Monday, May 3, 2010

Food for thought

Finally got my rear back into the real gym today; nothing insane, a mile on the elliptical (hills program, level 5), 2 miles on the stationary bike (hills program, level 4), chest press, and some pec fly variations - all done in the sweltering heat of a muggy Virginia spring/summer afternoon, in a room that has zero ventilation. Poor Liam was drenched in sweat from playing solo in the kiddie corral in that same room.

Anyways, as with any gym, there are the standard floor to ceiling mirrors so that one can ogle themselves (or others if that's your thing) while on the cardio machines. Since I was actually wearing shorts today, I was watching my quads and hamstrings while on the elliptical and bike. I'm pretty disgusted by the state of affairs my legs have found themselves in these days. There's no real definition between hams and glutes anymore, and my quads look soft; almost pillowy. There's still the faint line between quads and hamstrings, and the slight outline of my calves, but overall my legs are a freaking mess.

On the plus side, I've managed to stay close to my calorie budget every day, while still somewhat indulging my pregnancy wants/needs/cravings. I don't know if I'll head back to the OB in a few weeks and maintain my 1 lb/4week weight gain streak (meaning I don't know if I'll be able to pull that off again), but if I can keep my total pregnancy weight to <180 I think I'll be ok.

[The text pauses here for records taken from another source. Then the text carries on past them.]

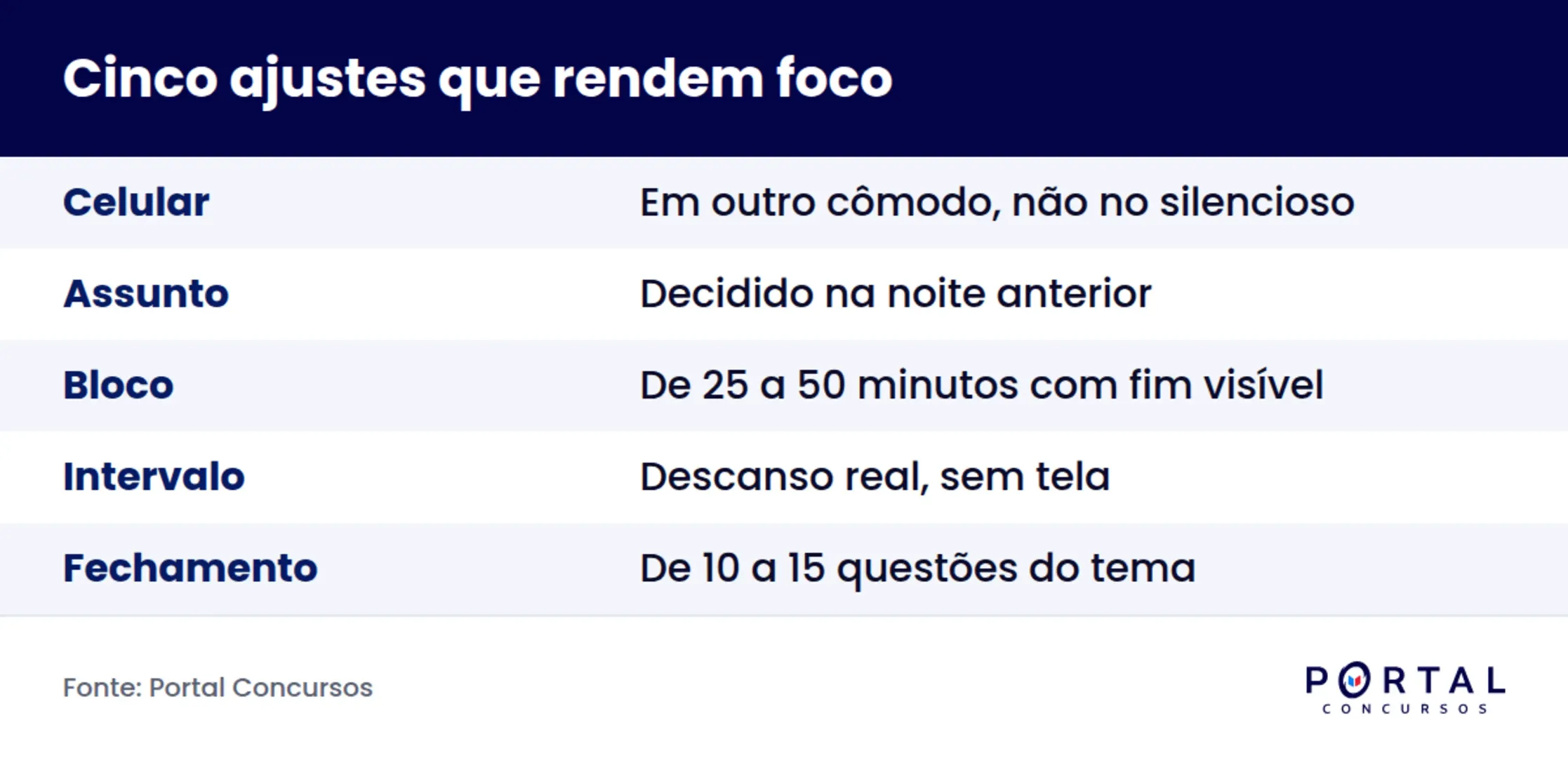 Infográfico com os cinco ajustes para focar nos estudos para concurso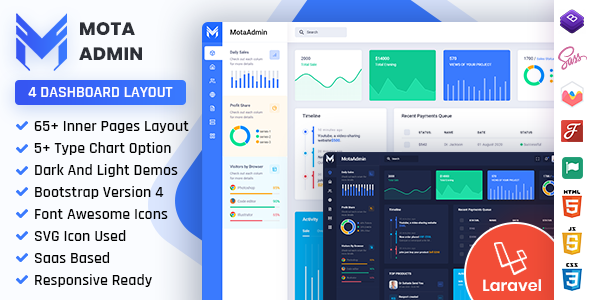 MotaAdmin - Laravel Admin Dashboard Template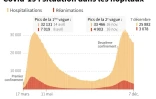 Covid-19 : situation dans les hôpitaux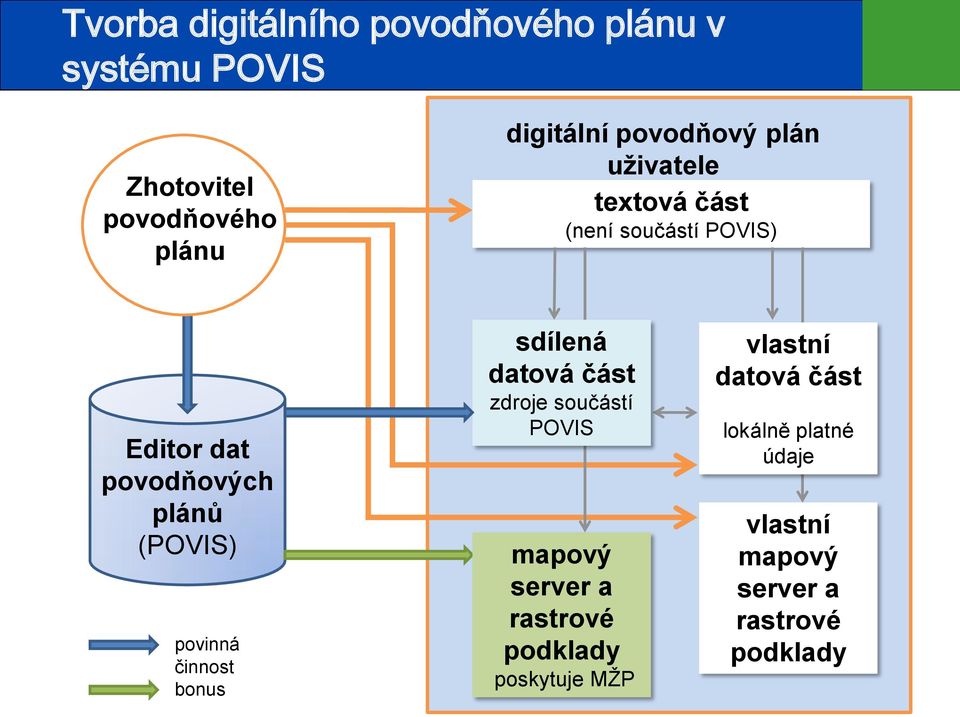 plánů (POVIS) povinná činnost bonus sdílená datová část zdroje součástí POVIS mapový server a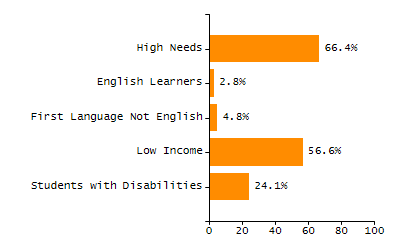 Dropout rate chart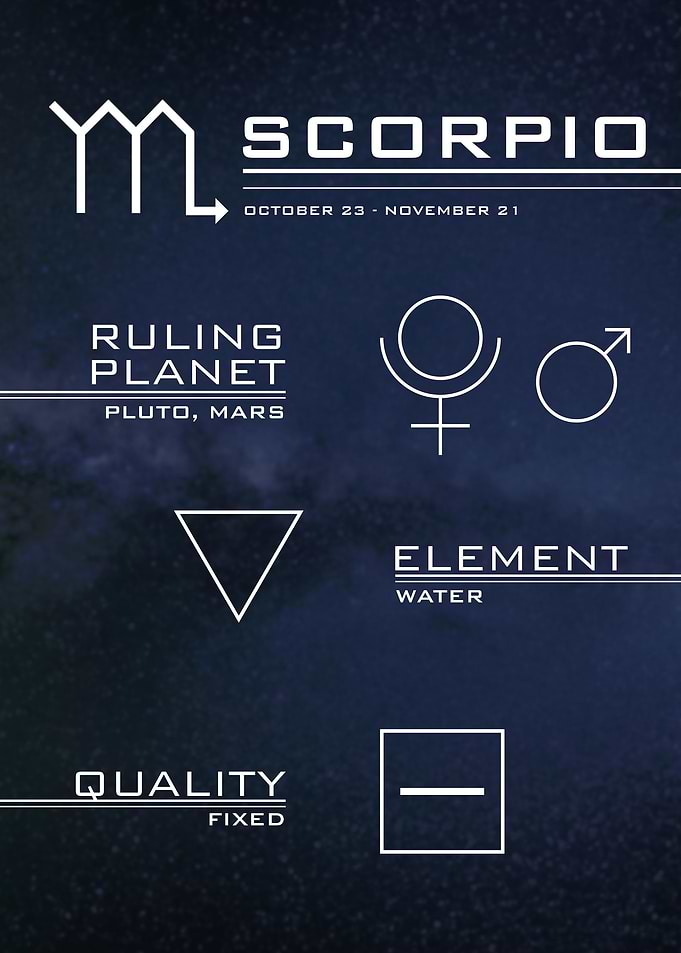 Scorpio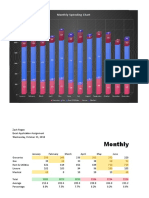 Excel Assignment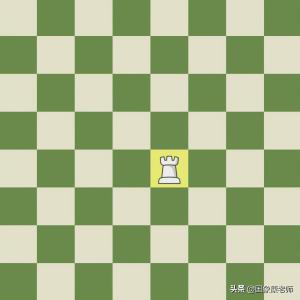 「独家」五分钟国际象棋零基础入门  第13张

That would leave me with about 10 or 15 lbs to take care of instead of, oh say 30? like last time?
I also picked up (and took) my iron meds today, we'll see if that actually makes a difference in how I feel or if it will only show on blood tests. Bah, stupid pills.

I've been thinking about my ultimate goal of competition, and call it nerves, chickening out, etc etc etc... but I'm considering choosing a competition, preparing for it like I'm actually a contender, and then going and just watching it. For now anyways. It occurred to me the other day that I haven't actually been to a body building competition, amateur or otherwise, and I think it would be unwise to enter a competition without having at least seen one in person!

I'm also having trouble getting past the issue of not having anyone to watch the kids while I train the necessary hours or even while I'm at the competition (either watching or participating). Sean will be deployed for an extended period of time, and I have to take that into consideration. I just don't have the right kind of support system, nor do I want to be an inattentive parent. The kids will already be missing their father, is it really fair to make them go without their mother as well? Especially since its completely optional and for recreation purposes?

In addition to training for, and viewing the competition; I'm toying with the idea of doing some kind of professional photo shoot after I've achieved my goals. There are no pictures of me that I can actually be proud of, and that's definitely not for lack of a good photographer. I want to get some done that not only capture the accomplishments that I will have made, but also something that I can use to help my business. Would you really want an unfit/unattractive trainer (at first glance anyways)?